He is committed to making an impact on the community through volunteering

Lewis McCartha


Unpaid volunteers are often the glue that holds a community together. Volunteering allows you to connect to your community and make it a better place.

Even helping with the smallest tasks can make a real difference to the lives of people, animals, and organizations in need.
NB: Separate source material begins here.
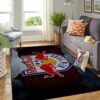 Limited Edition Rug Carpet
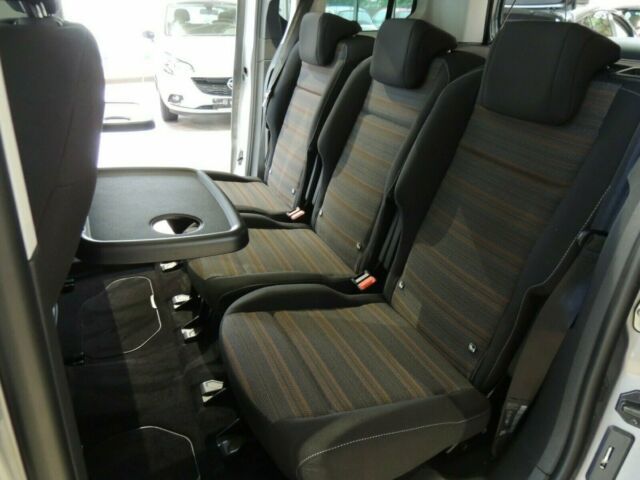275879457 Bild 15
The best-known impact of volunteering is the impact on the community.
Lewis McCartha is not just a volunteer in the community of Wakulla County, he is a volunteer with an agenda, a motive, a strong personal desire to make a difference in the lives of the residents of Wakulla County, especially the children.
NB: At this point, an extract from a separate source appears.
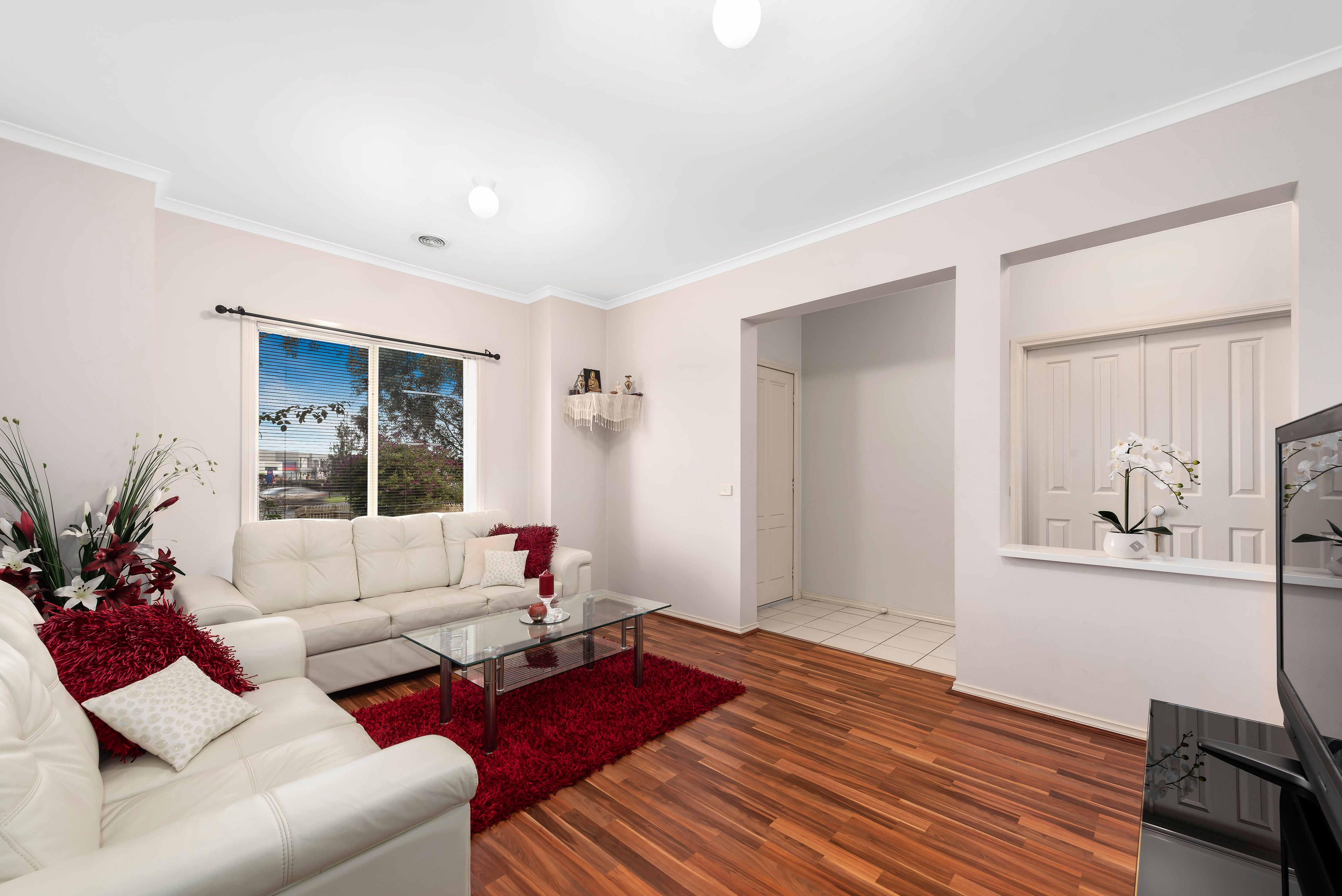 1545 Ferntree Gully Road, Knoxfield, VIC 3180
“In 2014, I got involved in Cub Scouts Pack 5, Crawfordville for 5 years and I was Den Leader for 3 years, I am a strong believer in community involvement and I want to make a difference in the county and I wanted to do it along side my kids,” he says.
“I want my kids to be productive and to be a valued member of the community, through volunteering I can teach my kids the importance of community involvement, be the role model they need to see and I can be the same role model for other kids in the community at the same time,” McCartha says.
“I want to be the image I want to project to my children and that is to be helpful, responsible, strong work ethic.”
McCartha is currently involved in Wakulla County/UF IFAS 4H Clubs such as home economics, life value skills including leadership, cooking club, sewing club, communication club, archery and shotgun marksmanship, chicken chain and community service project clubs.
“I wanted to provide children with more programs,” he says. “Too many kids are running around without supervision because parents are working, they are left alone and to their own decisions; being active in the 4H clubs will teach kids to be self-supporting, self-sufficient and financially independent.”
“I wish to see more frequent meetings with the 4H kids, we need more volunteers to make this happen.”
Volunteering promotes community engagement. By actively participating in volunteer activities, individuals become more connected to their communities.
“I am always wanting to do something bigger, so everyone sees me actively volunteering… but no one hears me; so the more I am present and active in the community, the louder my voice is heard,” McCartha says.
“You can’t say you want change in your community and not be a part of it!”
The Wakulla County Senior Citizens Dash into the ‘50s Senior Prom was a 4H service project hosted by McCartha and Co-Adult leader Amanda Gruebel held on St. Valentine’s Day at the Wakulla County Senior Center.
“So much time and planning has been invested by these kids for this event, 16 weeks of meeting lasting an hour to 3 hours, hundreds of hours have gone into this, the kids have proven their dedication and paid their due diligence, they gave up their nights and weekends to make this event happen for the seniors,” he says. “We worked Wakulla’s Small Business Saturdays to raise funds and we raised a little over $2,100. We wanted to raise $3,500, so instead we cut corners and scaled back some; we saw the community come out and help and we really appreciated it.”
Volunteering is a powerful force that can transform communities and create positive change.
McCartha indicated he also has plans to run for local political office in the future.
McCartha moved to Wakulla County from Vero Beach in 2007 and has a son Cayle Rogers and a daughter Vanessa Elderkin, both whom are 16 years old.
Currently, Cayle is a Wakulla Fire Cadet and part of the Sheriff’s Explorer group and Vanessa is County President and District President for 4H and was active in ROTC in high school. McCartha is a volunteer parent with ROTC for his second year as well.